Given data |
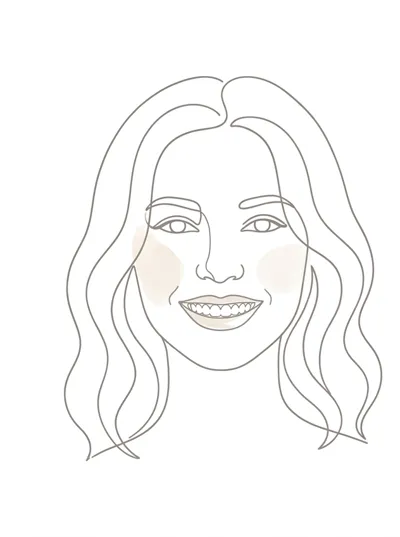 Illustration of facial musculature supported by veneers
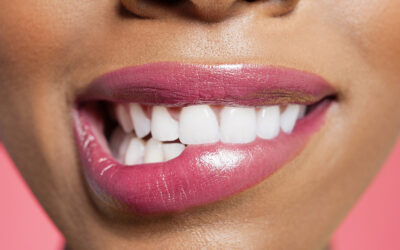 Whitening Your Teeth Professionally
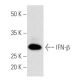IFN-β Antibody (MIB-2B2.2) - Western Blotting - Image 354751 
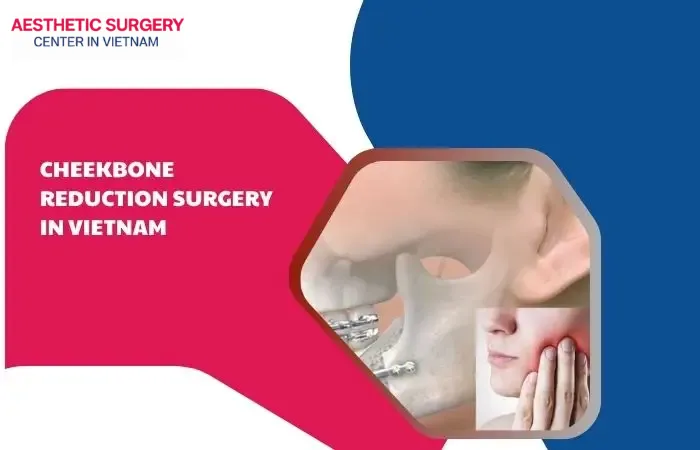 Cheekbone reduction surgery in vietnam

Task objective | Give the material above again exactly as it stands, minus any images.

Response |
 Illustration of facial musculature supported by veneers
 Whitening Your Teeth Professionally
IFN-β Antibody (MIB-2B2.2) - Western Blotting - Image 354751 
 Cheekbone reduction surgery in vietnam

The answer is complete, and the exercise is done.